The raised-up-and-ruggedised, full-sized family estate car is at risk of becoming another casualty of the tempestuous past few years for the motor industry. At one stage, not so many years ago, every manufacturer seemed to have one: right down to the enigmatically named Vauxhall Insignia Country Tourer and the Skoda Superb Outdoor (the indoor-use version was good, but a poor substitute for a coffee table).
Neither of those cars exists any longer. One of the originators of the niche - the Audi A6 Allroad - was quietly removed from UK showrooms in 2022, and the year before the Mercedes-Benz E-Class All Terrain went the same way. A few lower-rise, new-groove ‘crossover shooting brakes’ are beginning to come through to take up the vacated space, but the older-guard ‘allroad’ with the greatest staying power of all may yet prove, predictably enough, to be the pleasingly classically flavoured Volvo V90 Cross Country.

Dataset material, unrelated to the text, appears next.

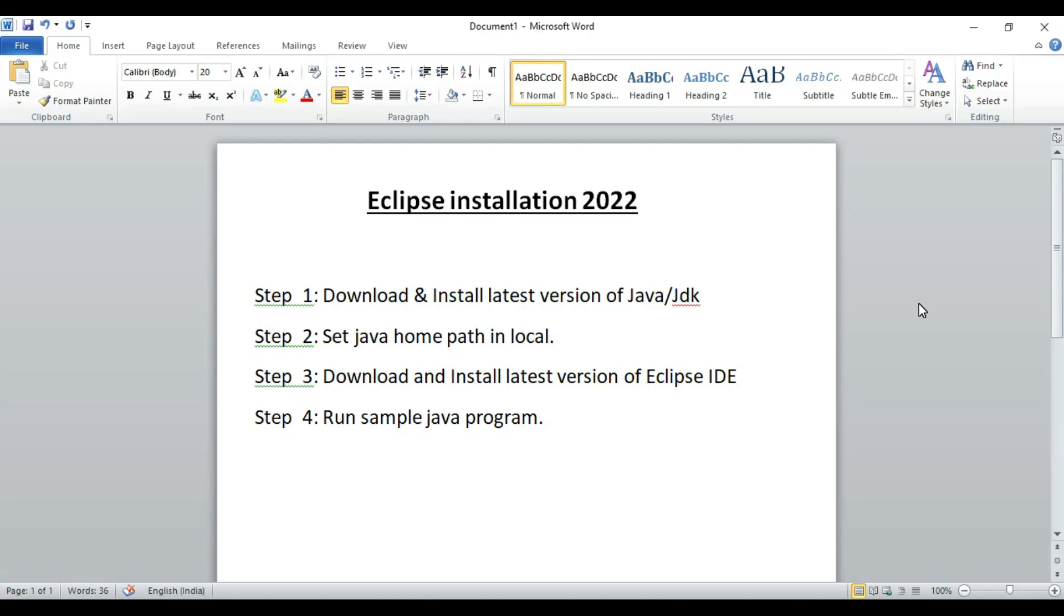Hi guys, welcome to Samjeev and Tech and Programming. So in today's session, we are going to check how we can install Eclipse latest version in Windows.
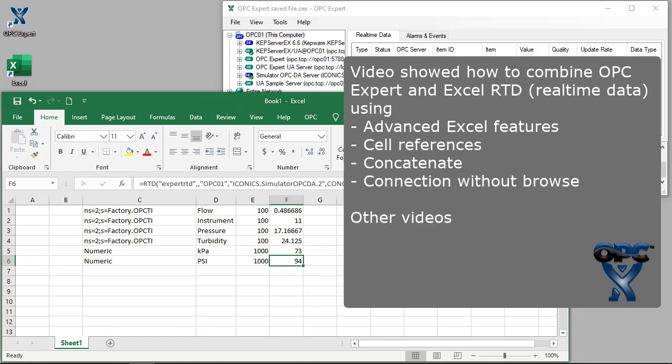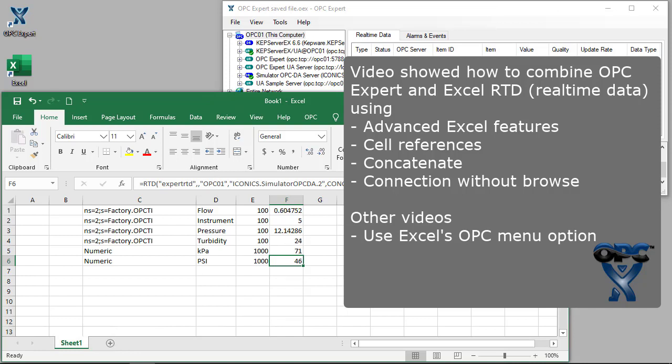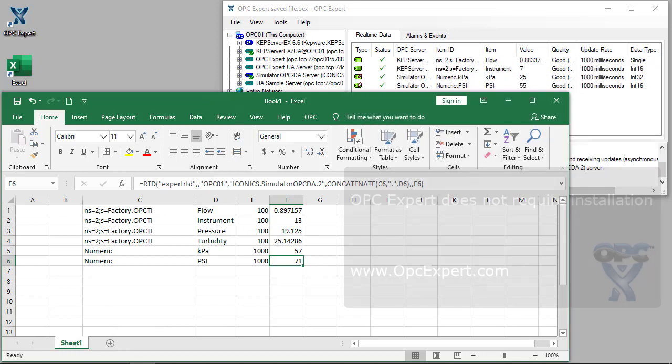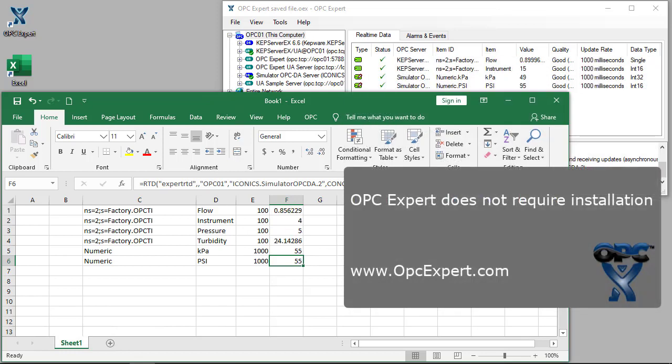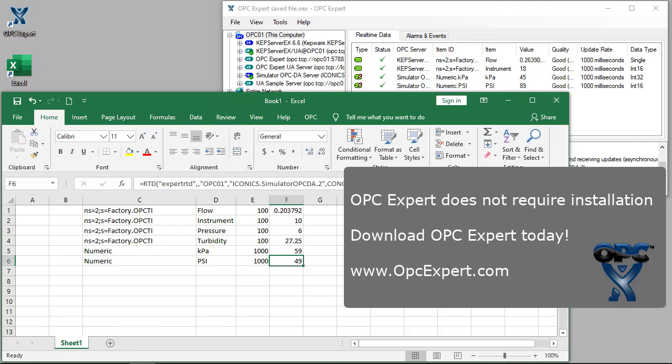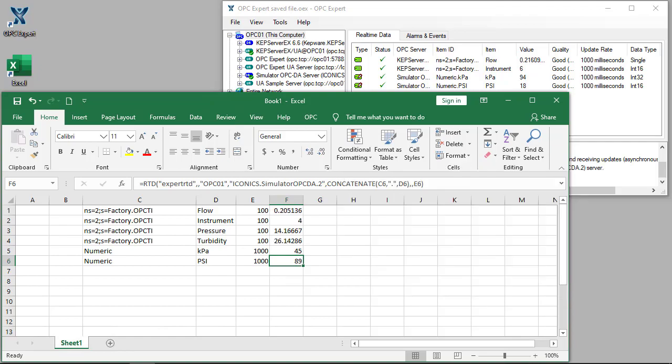In other videos, we show how to use Excel's OPC menu option, trend data in Excel, get historical data for reports, and more. OPC Expert does not require installation. Download OPC Expert and give it a try today.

At a very simple level, this is a Volvo V90 estate with four-wheel drive, 60mm of extra ground clearance, electronic hill descent control and all-season tyres - all intended to enable it to deal with muddy fields, moderately rutted tracks, and the kind of light off-roading that an active lifestyle might put its way. Only when you get into Volvo’s brochure in detail do you realise that the Cross Country has become the only way into a V90 that doesn’t have ‘dynamic’ sports suspension; the only way into any V90 with a diesel engine; and also the only way into a four-wheel-drive mild-hybrid petrol.